Normalerweise wird der Mindestlohn in einer Kommission ausgehandelt, in der Arbeitgeber und Gewerkschaften sitzen. Bei ihren Koalitionsverhandlungen hatten sich SPD, Grüne und FDP darauf geeinigt, ihn einmalig per Gesetz anzuheben. Dieser staatliche Eingriff stößt auf Kritik in der Wirtschaft und in der Union: Er befürworte die Erhöhung des Mindestlohns, lehne die Schwächung der Sozialpartner aber ab, sagte der stellvertretende Vorsitzende der Unionsfraktion, Hermann Gröhe (CDU). Der Vorsitzende der Arbeitnehmergruppe der Union, Axel Knoerig (CDU), warf Minister Heil vor, die Mindestlohnkommission entmachtet zu haben.

Zum 1. Juli steigen die Renten deutlich

Profitieren sollen auch Menschen, die nicht mehr arbeiten: Die rund 21 Millionen Rentnerinnen und Rentner in Deutschland erhalten zum 1. Juli eine so kräftige Erhöhung ihrer Bezüge wie seit Jahrzehnten nicht. Im Westen steigen die Renten um 5,35 Prozent, im Osten um 6,12 Prozent. Mit dem Gesetzentwurf von Arbeitsminister Hubertus Heil (SPD) beschloss der Bundestag zudem Verbesserungen für Menschen, die schon länger Erwerbsminderungsrente beziehen. Das Gesetz wurde am Freitag mit den Stimmen der Koalition, der Union und der AfD verabschiedet.

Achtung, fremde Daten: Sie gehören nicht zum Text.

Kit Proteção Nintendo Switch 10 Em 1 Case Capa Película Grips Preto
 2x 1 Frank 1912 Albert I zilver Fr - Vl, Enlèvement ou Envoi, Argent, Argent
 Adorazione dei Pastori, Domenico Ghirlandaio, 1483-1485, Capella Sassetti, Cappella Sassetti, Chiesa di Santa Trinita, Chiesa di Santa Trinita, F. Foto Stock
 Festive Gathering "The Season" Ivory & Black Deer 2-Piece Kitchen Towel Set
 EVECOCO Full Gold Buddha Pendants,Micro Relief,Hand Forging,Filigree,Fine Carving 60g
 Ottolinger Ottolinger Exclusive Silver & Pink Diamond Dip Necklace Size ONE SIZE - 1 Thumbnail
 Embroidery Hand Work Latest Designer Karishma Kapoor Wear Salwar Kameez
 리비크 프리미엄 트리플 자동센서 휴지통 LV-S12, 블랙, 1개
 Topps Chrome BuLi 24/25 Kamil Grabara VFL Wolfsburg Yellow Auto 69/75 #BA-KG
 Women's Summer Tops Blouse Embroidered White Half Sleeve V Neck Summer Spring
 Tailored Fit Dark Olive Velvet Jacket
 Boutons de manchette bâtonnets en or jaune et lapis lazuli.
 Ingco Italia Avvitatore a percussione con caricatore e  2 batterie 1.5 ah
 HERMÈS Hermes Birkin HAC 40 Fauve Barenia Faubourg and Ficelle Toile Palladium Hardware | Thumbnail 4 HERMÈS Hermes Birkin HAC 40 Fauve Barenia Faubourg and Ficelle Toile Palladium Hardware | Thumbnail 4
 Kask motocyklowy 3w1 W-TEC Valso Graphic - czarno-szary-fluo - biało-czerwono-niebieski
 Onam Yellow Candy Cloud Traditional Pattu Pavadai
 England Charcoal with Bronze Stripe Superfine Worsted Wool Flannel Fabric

Am Freitag beschloss der Bundestag ebenfalls mit großer Mehrheit den Haushalt von Finanzminister Christian Lindner (FDP). Der Bund darf in diesem Jahr fast eine halbe Billion Euro ausgeben und erneut hohe Schulden machen. Geprägt vom Ukraine-Krieg und der Corona-Pandemie sind darin noch einmal Kredite von 138,9 Milliarden Euro vorgesehen. Dafür zogen die Abgeordneten am Freitag erneut die Ausnahmeregelung der im Grundgesetz verankerten Schuldenbremse. In ihrem ersten vollen Regierungsjahr will die Ampel-Koalition insgesamt rund 495,79 Milliarden Euro ausgeben. Ein Fokus liegt auf Investitionen in Klimaschutz und Energiewende.

Für alle Steuerzahler steigt der Grundfreibetrag, auf den man keine Einkommensteuer zahlt. Fernpendler werden steuerlich besonders entlastet. Außerdem gelten im Juni, Juli und August geringere Energiesteuern auf Sprit. Alle einkommensteuerpflichtig Beschäftigten bekommen zudem eine Energiepreispauschale von 300 Euro, Menschen mit wenig Geld einen Zuschuss zu den Heizkosten und Familien einen Sofortzuschlag.